Например, английское слово “bear” помимо буквального значения «медведь» имеет еще и сленговое – «полицейский», тут уместно будет вспомнить, что в мифологии германских племен медведь – символ порядка. Так что такой пример словоупотребления скорее всего не случаен. Его можно отнести к культурной специфике, так как он разительно отличается от привычного нам метафорического употребления в смысле «увалень», «невежа», и даже, ушедшего из русского языка, но встречающегося в летописях, «льстец». Этнокультурные метафоры это не только отражение национальных мифов, но и наивной картины мира, доминантных позиций в культуре. Так во фразеологизмах, связанных с отношениями детей и родителей в русском языке первое место занимает мать, в итальянском – отец, соответственно русскому «маменькин сыночек» в итальянском соответствует «папенькин сынок». Сопоставление латинского фразеологизма с буквальным значением «душа ушла в нос» и русского «душа ушла в пятки» с одинаковым значением «испугаться» указывает на разность представлений о возможном вместилище души и на разное оценочное восприятие вертикали верх-низ в этих культурах. Данные о фразеологии много говорят и о том, как человек представляет самого себя, т.е. этнокультурные метафоры и метонимии являются базовыми характеристиками познания.
Основное назначение этих метафор, по мнению Степановой, скрыть подлинное имя, иными словами, метафорический язык плачей обслуживает табу. Подтверждением этому служит и тот факт, что метафора является основным механизмом порождения сленговых значений, а сленг – особый пласт эмоционально-экспрессивной лексики, значительная часть которого относится к табуированным областям: секс, наркотики, алкоголь и т.д.
Одним словом этнокультурные метафоры выступает одним из основных составляющих ментальности нации – освоенного и понятого ею круга понятий, символов и образов. Ведь чтобы обеспечить собственное выживание, каждая культура должна выработать свой способ взаимодействия с жизненной средой, а так же установить рамки социальной реальности, в рамках которой люди получают роли, имеющие для них смысл и позволяющие им функционировать социально.
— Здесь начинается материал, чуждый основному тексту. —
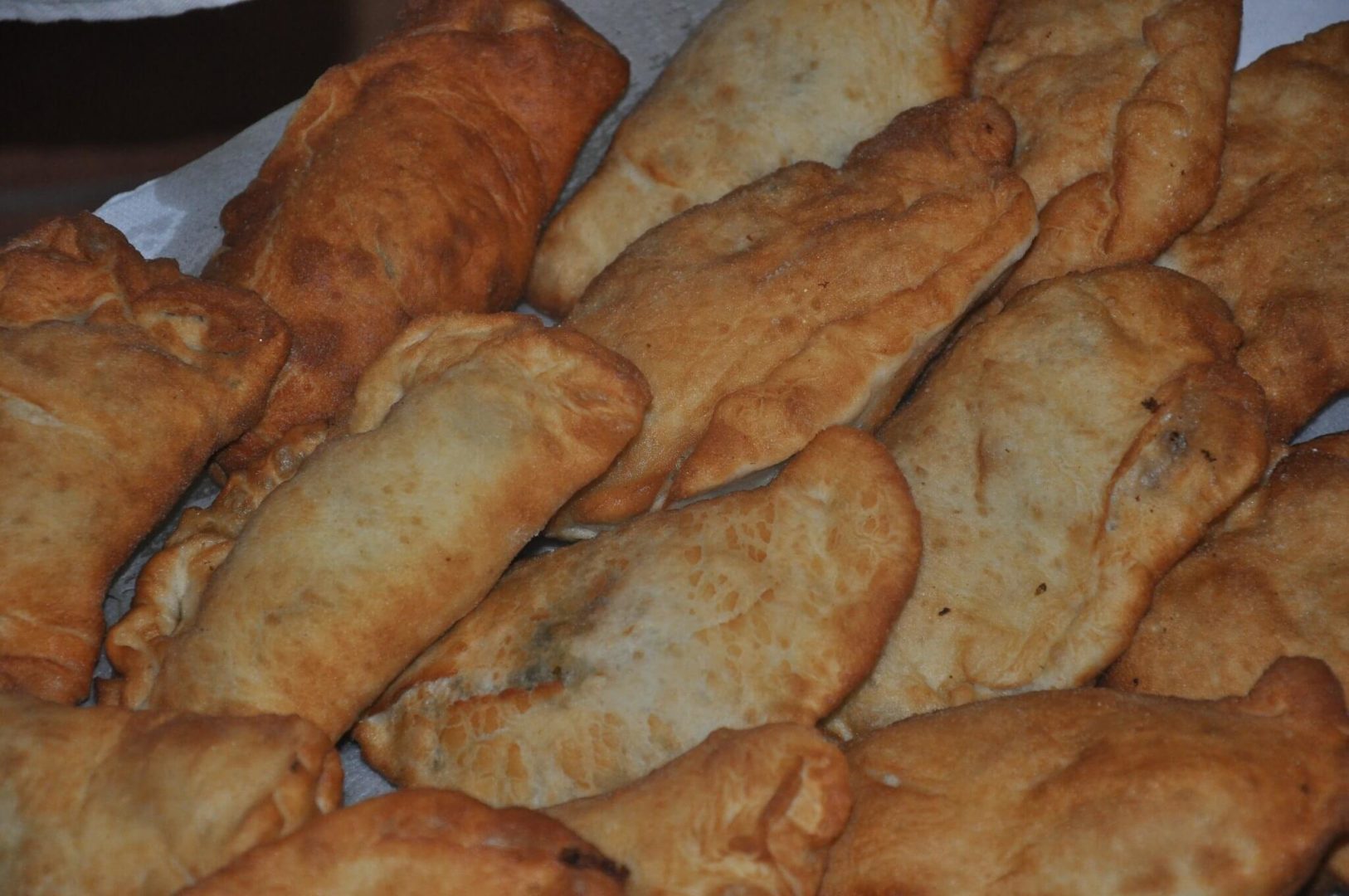 Panzerottini farciti con peperoni e mozzarella ben dorati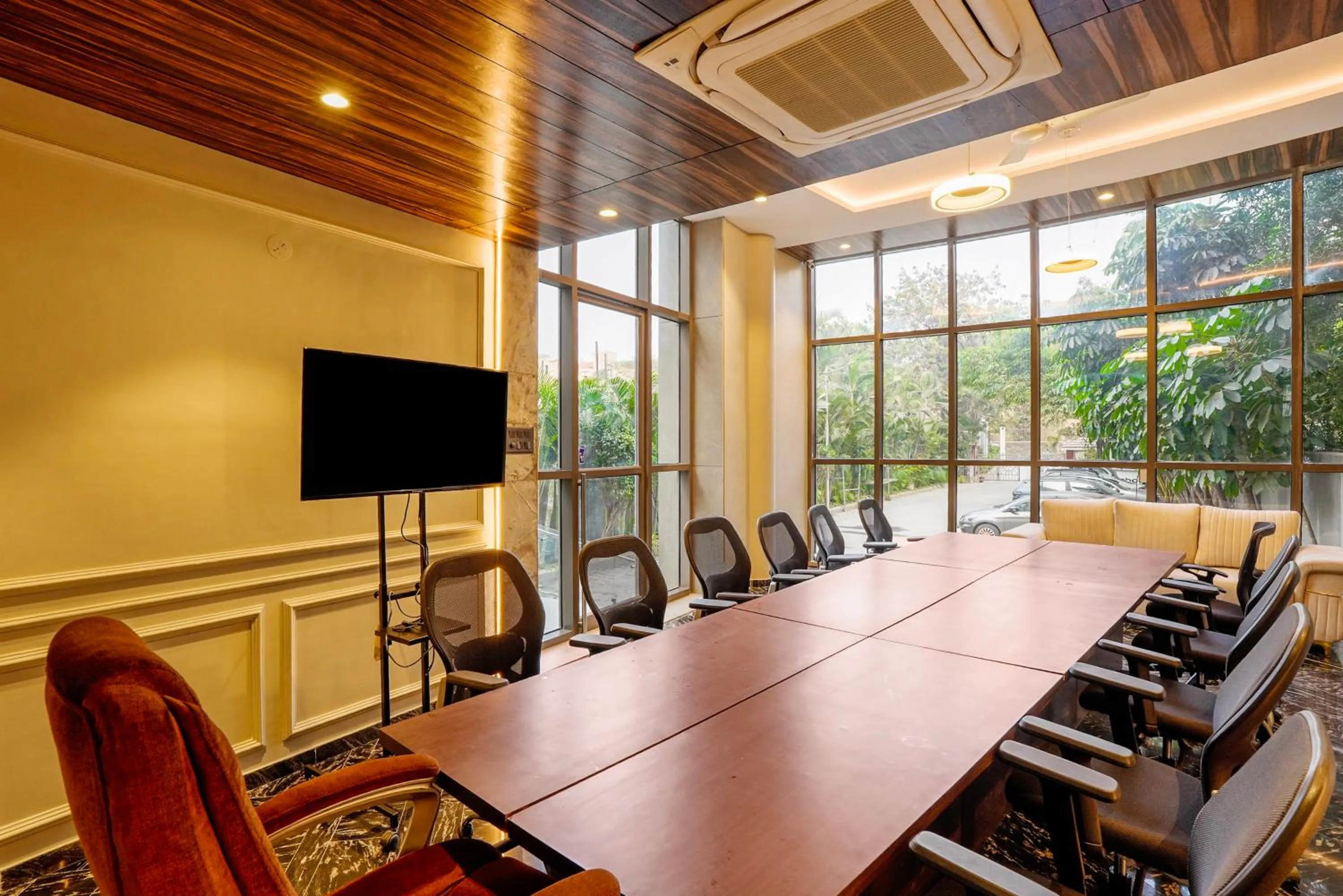 Meeting/conference room in Treebo Premium Niraali Executive, Hinjewadi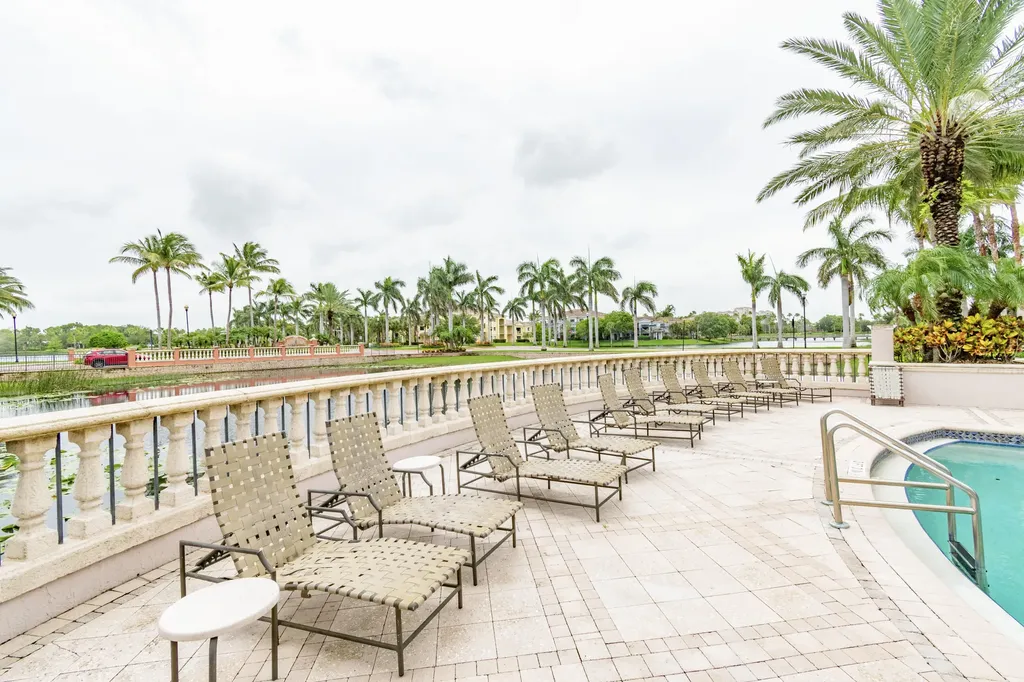 2803 Sarento Place Palm Beach Gardens FL 33410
Новые предметы тут же неизбежно включаются в уже существующую систему связей и отношений. Бикман и Келлоу описывают случай, когда один из переводчиков подарил индейцам хуичол новое растение – зеленый салат. Через несколько лет, вновь путешествуя по тем же местам, он услышал любовную песню, в которой были слова «Ты – мой салат». Соответственно каждый язык при всех своих соприкосновениях с действительностью неизбежно осуществляет свой выбор из бесконечного множества способов видения, ведь в самом растении не было никакого указания, на то, что сравнение с ним можно использовать именно в любовной лирике, а не, например, в героическом эпосе.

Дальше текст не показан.